╭──

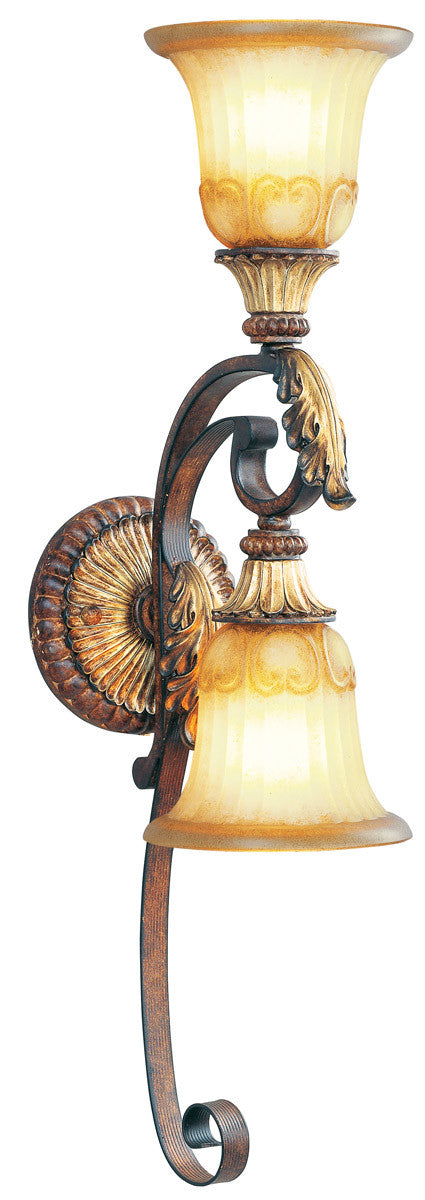 Livex Lighting Villa Verona Collection 2 Light VBZ Wall Sconce in Verona Bronze with Aged Gold Leaf Accents 8572-63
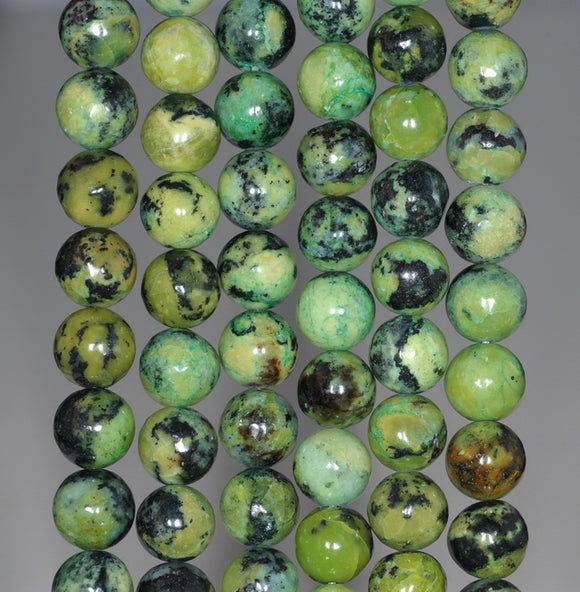 8MM Black Green Chrysoprase Gemstone Round Loose Beads 7.5 inch Half Strand (80000535 H-A71)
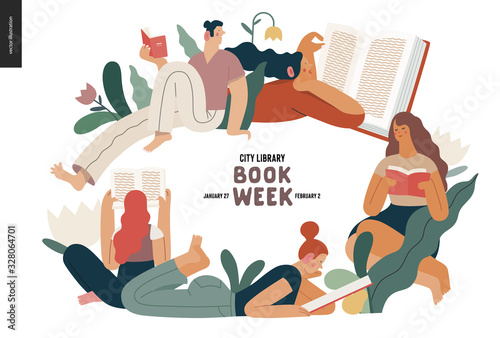 World Book Day graphics -book week events. Modern flat vector concept illustrations of reading people -young men and women reading book sitting and laying down surrounded by plants and blossom flowers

╰──

• **Exercise details**: Please restate word for word each line from the one containing "8MM Black Green" to the end of the data above, without the pictures.

• **Written response**:
 8MM Black Green Chrysoprase Gemstone Round Loose Beads 7.5 inch Half Strand (80000535 H-A71)
 World Book Day graphics -book week events. Modern flat vector concept illustrations of reading people -young men and women reading book sitting and laying down surrounded by plants and blossom flowers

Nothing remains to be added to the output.